After School ‘to Go’ Spring 2017: Week 3

It’s a Landslide!

This week, students learned about concepts used in the Seismologist career! Girls applied these skills to the problem of a landslide in a small town.

 

 

 

 

 

 

 

 

 

 

 

 

 

 

In small groups, girls used baking pans and paper ramps to set up their landslide simulators. Small toy houses and a paper bridge were used to model a town located at the bottom of a hill. Sand was poured at the top of the “mountain” to represent loose sediments. Lastly, students took turns shaking their baking pans to simulate an earthquake!

 

 

 

 

 

 

 

 

 

 

 

 

 

 

 

Girls used a modified scale, similar to the Richter scale, to shake their baking pans harder and simulate a stronger earthquake.
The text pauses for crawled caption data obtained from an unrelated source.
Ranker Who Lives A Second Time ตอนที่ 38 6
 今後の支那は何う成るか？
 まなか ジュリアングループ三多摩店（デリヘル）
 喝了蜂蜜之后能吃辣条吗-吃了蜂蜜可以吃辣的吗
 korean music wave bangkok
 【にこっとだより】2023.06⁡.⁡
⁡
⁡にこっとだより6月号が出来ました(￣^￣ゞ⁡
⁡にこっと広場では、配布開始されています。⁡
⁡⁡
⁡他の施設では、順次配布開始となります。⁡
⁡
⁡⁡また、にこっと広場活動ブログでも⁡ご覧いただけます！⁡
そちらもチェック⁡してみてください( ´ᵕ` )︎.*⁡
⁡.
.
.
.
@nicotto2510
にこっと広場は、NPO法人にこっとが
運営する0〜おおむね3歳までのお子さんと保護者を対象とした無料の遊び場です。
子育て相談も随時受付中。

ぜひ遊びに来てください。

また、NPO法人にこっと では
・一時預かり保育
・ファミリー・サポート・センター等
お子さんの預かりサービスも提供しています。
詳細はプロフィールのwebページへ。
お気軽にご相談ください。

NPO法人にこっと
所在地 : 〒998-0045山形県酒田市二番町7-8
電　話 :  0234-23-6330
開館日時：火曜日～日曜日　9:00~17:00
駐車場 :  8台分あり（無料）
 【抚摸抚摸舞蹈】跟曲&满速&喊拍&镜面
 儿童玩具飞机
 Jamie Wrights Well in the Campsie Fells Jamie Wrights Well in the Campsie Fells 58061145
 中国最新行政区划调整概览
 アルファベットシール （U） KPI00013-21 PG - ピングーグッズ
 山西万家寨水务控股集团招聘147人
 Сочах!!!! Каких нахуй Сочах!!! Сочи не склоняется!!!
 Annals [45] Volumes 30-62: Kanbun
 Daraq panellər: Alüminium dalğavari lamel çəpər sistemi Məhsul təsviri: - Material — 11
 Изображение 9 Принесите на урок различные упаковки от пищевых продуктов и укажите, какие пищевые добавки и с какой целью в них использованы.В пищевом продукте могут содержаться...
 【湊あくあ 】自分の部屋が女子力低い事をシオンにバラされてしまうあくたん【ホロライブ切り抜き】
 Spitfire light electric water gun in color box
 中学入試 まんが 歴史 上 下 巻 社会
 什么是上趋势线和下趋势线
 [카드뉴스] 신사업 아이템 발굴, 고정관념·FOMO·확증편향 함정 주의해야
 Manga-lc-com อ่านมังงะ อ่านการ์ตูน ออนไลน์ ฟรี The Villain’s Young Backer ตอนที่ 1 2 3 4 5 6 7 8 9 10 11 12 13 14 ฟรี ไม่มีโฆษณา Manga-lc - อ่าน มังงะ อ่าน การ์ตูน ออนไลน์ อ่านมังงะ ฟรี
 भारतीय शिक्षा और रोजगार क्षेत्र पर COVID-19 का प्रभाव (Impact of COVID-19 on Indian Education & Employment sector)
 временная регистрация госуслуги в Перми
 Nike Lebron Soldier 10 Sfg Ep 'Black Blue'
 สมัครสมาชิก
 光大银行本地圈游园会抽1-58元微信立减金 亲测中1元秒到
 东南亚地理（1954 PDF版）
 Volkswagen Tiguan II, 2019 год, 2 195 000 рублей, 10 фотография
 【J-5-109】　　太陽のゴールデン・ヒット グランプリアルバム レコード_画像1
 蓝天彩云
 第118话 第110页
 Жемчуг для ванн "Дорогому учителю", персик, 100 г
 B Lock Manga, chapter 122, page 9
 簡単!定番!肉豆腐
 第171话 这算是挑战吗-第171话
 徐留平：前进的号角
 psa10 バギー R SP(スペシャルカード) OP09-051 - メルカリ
After 5 trials of stronger and stronger quakes, students compared the resulting landslides in their journals. Larger sediments, like gravel and pebbles, were added to the sand. Students tested the effects of earthquakes with these materials and brainstormed solutions to the problem of property damage after landslides.

 

After School Spring 2017: Week 3

Weathering and Erosion

 

This week, Girlstart students (and future geologists!) reviewed physical weathering, chemical weathering, and erosion before putting different types of soils to the test!

 

 

 

 

 

 

 

 

 

 

 

 

 

 

 

Before beginning their activity, students worked together to review the difference between chemical and physical weathering. Tables volunteered their ideas, then STEM Crew leaders provided an antacid tablet for girls to observe. Students watched the tablet dissolve in a glass of water and create bubbles as an example of a chemical change. Crew leaders explained that the dissolved tablet had undergone a chemical change. Minerals in rocks can also dissolve – a common example of chemical weathering. On the other hand, physical weathering does not lead to a change in a rock’s chemical composition.

 

 

 

 

 

 

 

 

Girls were then given soil, soil with grass, and sand. Using these materials and a paper cup, students created landforms and weathered them away with water. Because of the loose grains, students found that their sand landforms weathered away more quickly than the other soil types. Finally, students evaluated the significance of their newfound knowledge as geologists. What applications can you think of for this knowledge? Some student answers included protection of homes in floodplains and prediction of landform movement over time.

 

After School ‘to Go’ Spring 2017: Week 2

Exploring the Earth

 

During this week’s activities, Girlstart students learned about skills used by geomorphologists, who study geological processes and resulting landforms. Students brushed up on vocabulary that included “deposition,” “erosion,” and “weathering,” then got to work forming their own canyon models!

 

 

 

 

 

 

 

 

 

 

 

 

 

Small groups were given different colors of sand, a tupperware box, and a cup of water to create their miniature canyons. Girls emptied out their first bag of sand in the tupperware box to represent a sea floor. Next, each bag of colored sand was laid carefully on top of another. Finally, girls had a visual demonstration of sediment layers throughout history.

 

 

 

 

 

 

 

 

 

 

 

 

Students used their water cups to create a “river” that eroded the sediments and cut through the many layers. Girls were excited to point out the different colors that were now exposed in the deep canyon, due to the weathering of the rock surface over time.